Judgments of the European Court of Human Rights

On January 31, 2023, the European Court of Human Rights considered seven complaints by Jehovah’s Witnesses from Russia related to the events from 2010 to 2014. In all of them, the court sided with the applicants and ordered them to pay compensation in the amount of 345,773 euros and another 5,000 euros as legal costs.

This is the second judgement of the ECHR in the case of Russian Jehovah’s Witnesses in the last two years. In the summer of 2022, the ECHR also acquitted believers in a larger lawsuit related to the illegal liquidation of all legal entities of the Witnesses and the seizure of their property. The total amount of compensation under this decision exceeds 63 million euros.

Alas, so far the decisions of the ECHR have no visible impact on the practice of the Russian law enforcement system.

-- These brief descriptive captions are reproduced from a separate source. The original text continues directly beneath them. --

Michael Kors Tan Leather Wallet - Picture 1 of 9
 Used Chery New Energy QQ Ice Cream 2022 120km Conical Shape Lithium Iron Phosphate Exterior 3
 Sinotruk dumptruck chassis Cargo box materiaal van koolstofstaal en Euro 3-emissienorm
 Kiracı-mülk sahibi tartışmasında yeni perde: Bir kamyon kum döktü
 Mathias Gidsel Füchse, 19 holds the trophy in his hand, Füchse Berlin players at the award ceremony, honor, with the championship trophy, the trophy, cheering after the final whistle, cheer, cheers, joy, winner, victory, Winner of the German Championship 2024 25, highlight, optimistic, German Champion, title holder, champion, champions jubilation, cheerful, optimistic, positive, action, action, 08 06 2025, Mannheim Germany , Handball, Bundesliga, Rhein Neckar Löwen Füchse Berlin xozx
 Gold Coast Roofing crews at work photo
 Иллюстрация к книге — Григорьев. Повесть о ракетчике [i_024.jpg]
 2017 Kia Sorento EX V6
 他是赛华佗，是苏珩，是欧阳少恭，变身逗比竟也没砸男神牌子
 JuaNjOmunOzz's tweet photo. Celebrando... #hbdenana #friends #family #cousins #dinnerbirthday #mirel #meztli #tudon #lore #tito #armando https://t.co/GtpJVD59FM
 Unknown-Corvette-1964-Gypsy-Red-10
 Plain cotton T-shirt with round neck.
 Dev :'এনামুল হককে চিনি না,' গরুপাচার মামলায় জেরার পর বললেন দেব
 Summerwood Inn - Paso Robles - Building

The Russian authorities are in no hurry to pay compensation to acquitted believers, and continue to sentence them to long prison terms.

Exactly on the day of the decision of the ECHR, June 7, 2022, the State Duma of the Russian Federation adopted laws under an accelerated procedure, according to which ECHR judgments issued after March 15, 2022 are not enforceable in Russia.

The Case of the Eighteen in Surgut, "Faith is a Crime, Torture is Heroism"

In 2023, a high-profile case in Surgut came to the finish line, which received wide publicity due to the torture of believers. The case against 18 men and one woman from Surgut, including a man whom the investigation mistakenly mistook for one of Jehovah’s Witnesses, has been dragging on since February 2019. Seven defendants went through severe torture during interrogation, and one of them, Timofey Zhukov, was forcibly placed in a psychiatric hospital and later obtained compensation for this.

The situation around torture in Surgut was widely covered in the Russian media, believers met with the Human Rights Ombudsman for the Khanty-Mansi Autonomous Region and employees of the offices of the Human Rights Ombudsman of the Russian Federation, conferences were held with the participation of human rights defenders.

In November 2023, the prosecutor requested strict terms for believers, up to nine-and-a-half years in prison for Sergey Loginov.

On December 5, 2023, all the defendants in the Surgut case were convicted with suspended sentences ranging from four to seven years. The longest sentences of seven years were received by Sergey Loginov and Timofey Zhukov.

At the same time, not a single criminal case has been initiated by the fact of the torture of the believers. Moreover, later the head of the investigative department of the Investigative Committee, where Jehovah’s Witnesses were tortured, Vladimir Ermolaev and his subordinate Sergey Bogoderov received awards, and the soldiers of the Russian Guard who participated in the operation were given promotions.

"Is There Any Success in Intimidating Jehovah’s Witnesses?"

Sergey Ivanenko, Ph.D., a religious scholar who was present as an expert in 14 criminal trials against Jehovah’s Witnesses in different regions of Russia, describes his impressions in his book "About People Who Endure Persecution" published in 2023: "Jehovah’s Witnesses… believe that it is their religious duty to preach Christianity to law enforcement officers, judges, as well as prisoners… Is there any success in intimidating Jehovah’s Witnesses? No, there is not. They continue to preach, help each other, and support prisoners of conscience. They believe that persecution strengthens faith in Jehovah, and strong faith brings peace of mind. Those who know the history of Jehovah’s Witnesses understand that they have endured severe persecution and have not departed from their faith. Nor are they frightened by persecution in modern Russia."